Carlisle Goldfields Limited

Carlisle Goldfields Limited

July 18, 2012 15:58 ET

Carlisle Goldfields Closes Private Placements of Flow-Through Units and Units for Gross Proceeds of $3,341,000

TORONTO, ONTARIO--(Marketwire - July 18, 2012) - Carlisle Goldfields Limited (TSX:CGJ)(OTCQX:CGJCF) ("Carlisle" or the "Company") is pleased to announce that it has completed its previously announced fully marketed brokered private placement with Canaccord Genuity Corp. The Company issued 19,662,500 flow-through units (each, a "Flow Through Unit") at a price of $0.16 per Flow-Through Unit for gross proceeds of $3,146,000 (the "Brokered Offering"). Each Flow-Through Unit consists of one flow-through common share in the Company (each, a "Flow-Through Share") and one half of one common share purchase warrant of the Company (each whole warrant, a "Warrant") exercisable for a period of 24 months from the date of closing. Each whole Warrant shall be exercisable to purchase one common share of the Company at a price of $0.22 per share.

In addition, the Company completed a non-brokered private placement of Flow-Through Units (the "Non-Brokered Flow-Through Offering") on the same terms as the Brokered Offering, issuing 218,750 Flow-Through Units for gross proceeds of $35,000.

Lastly, the Company completed a non-brokered private placement of 1,000,000 units (each, a "Unit") for gross proceeds of $160,000 (the "Non-Brokered Hard Dollar Offering"). Each Unit is comprised of one common share in the Company (each, a "Share") and one half of one Warrant.

The total gross proceeds from the Brokered Offering, Non-Brokered Flow-Through Offering and Non-Brokered Hard Dollar Offering were $3,341,000.

In total, the Company issued 21,506,250 common shares and 12,719,375 warrants, inclusive of compensation paid to brokers in connection with the transactions.

The proceeds from the Brokered Offering and Non-Brokered Flow-Through Offering will be used to fund exploration expenses which qualify as "Canadian Exploration Expenses" (within the meaning of the Income Tax Act (Canada)) in connection with Carlisle's properties near Lynn Lake, Manitoba.

The proceeds from the Non-Brokered Hard Dollar Offering will be used for general corporate purposes, including fees and expenses of the transactions noted above.

The transactions described herein are subject to the final acceptance of the Toronto Stock Exchange ("TSX").

About Carlisle: Carlisle Goldfields Limited is a Canadian‐based gold exploration and development company, focused on development of its mining leases and claims in the Lynn Lake Greenstone Belt of Northern Manitoba, covering approximately 20,000 hectares which include the former MacLellan Gold mine and two other former producing gold mines as well as numerous other historically identified Gold Zones all within close proximity of the town of Lynn Lake.

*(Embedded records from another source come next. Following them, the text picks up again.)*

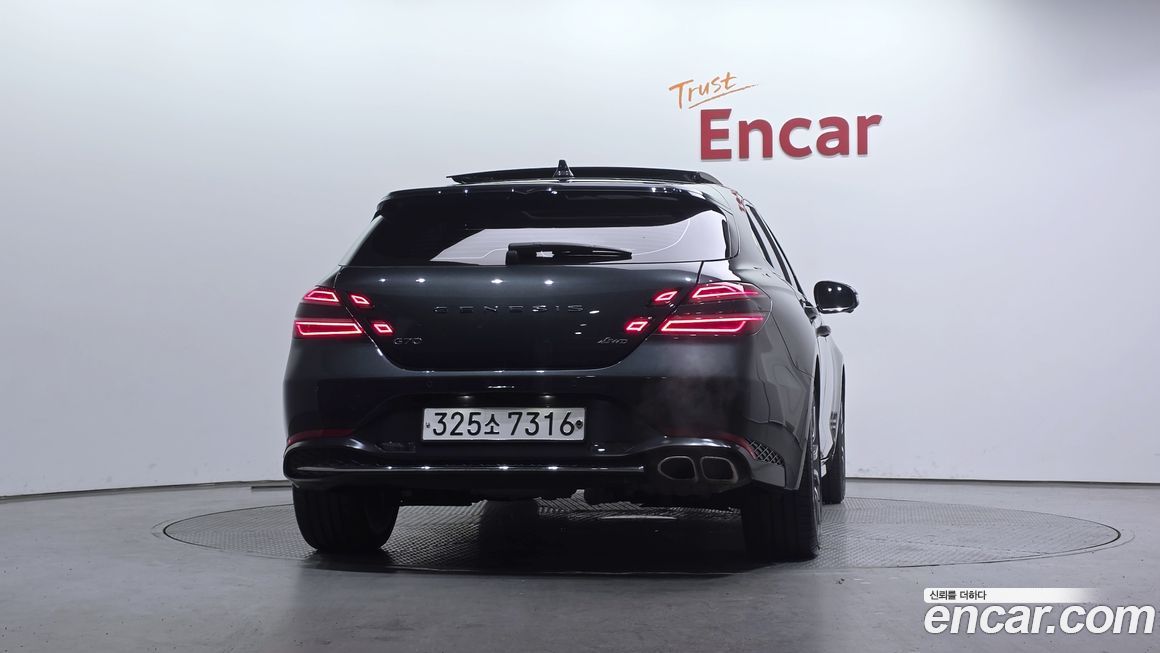 Genesis G70 Gasoline 2.0T 4WD, 2023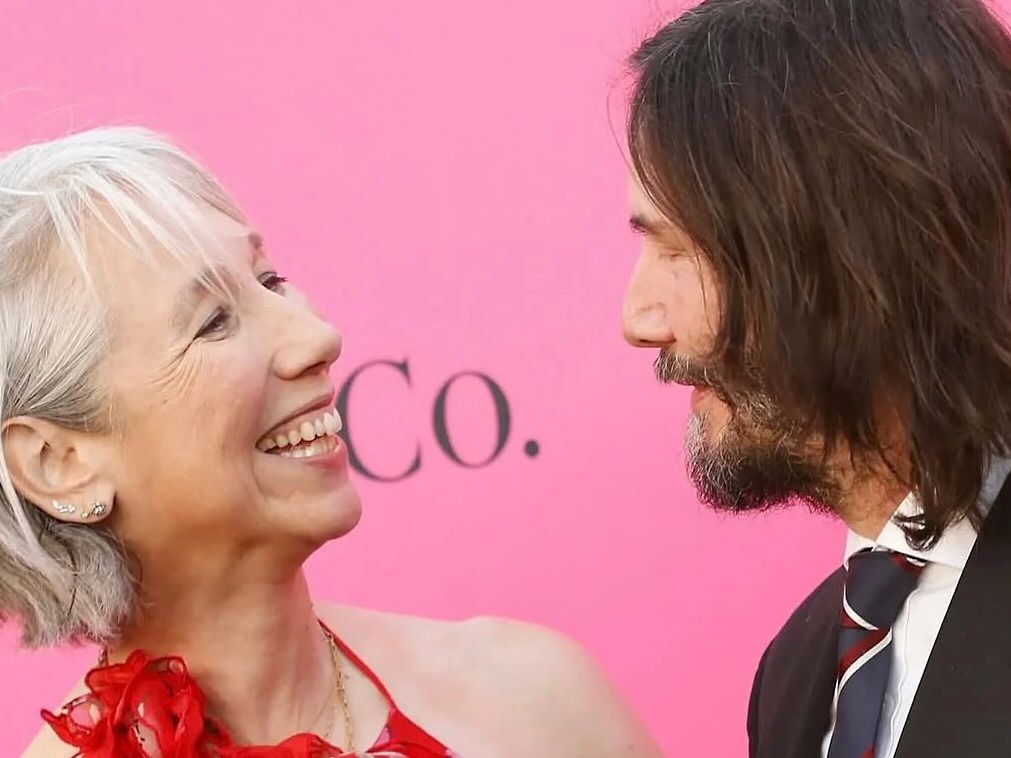 Viral Keanu Reeves Diisukan Menikah di Usia 61 Tahun, Ini Faktanya!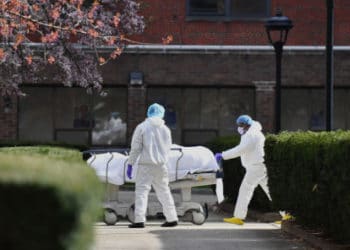 El número de muertos por el coronavirus superan los 100.000 en todo el mundo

In March 2012 (see News Release dated March 13, 2012), Carlisle announced an updated Resource Estimate on the MacLellan Gold Project in Lynn Lake, Manitoba. This included Open Pit and Underground Resources in the Measured and Indicated Categories having increased to 32.4 million tonnes containing 2,018,100 ounces of AuEq at an average grade of 1.94 g/t AuEq (1.86 g/t Au and 4.4g/t Ag). The pit‐ contained Measured and Indicated categories of 29.9 million tonnes contain 1.7 million ounces of AuEq at an average grade of 1.8g/t AuEq (1.68 g/t Au and 4.4g/t Ag). The current Measured and Indicated Categories represent 94% of the total resource estimate.

This press release shall not constitute an offer to sell or solicitation of an offer to buy the securities in any jurisdiction. The Flow-Through Shares, Shares, Warrants and common shares issuable upon exercise of the Warrants will not be and have not been registered under the United States Securities Act of 1933 and may not be offered or sold in the United States absent an applicable exemption from the registration requirements.

Except for statements of historical fact contained herein, the information in this press release may constitute "forward-looking information" within the meaning of Canadian securities law. Other than statements of historical fact, all statements are "Forward-Looking Statements", including statements pertaining to receipt of the final acceptance of the TSX, that involve various known and unknown risks and uncertainties and other factors, such as market conditions. There can be no assurance that such statements will prove accurate. Results and future events could differ materially from those anticipated in such statements. Readers of this press release are cautioned not to place undue reliance on these "Forward-Looking Statements". Except as otherwise required by applicable securities statutes or regulation, Carlisle expressly disclaims any intent or obligation to update publicly forward-looking information, whether as a result of new information, future events or otherwise.

Neither IIROC nor the TSX accepts responsibility for the adequacy or accuracy of this release.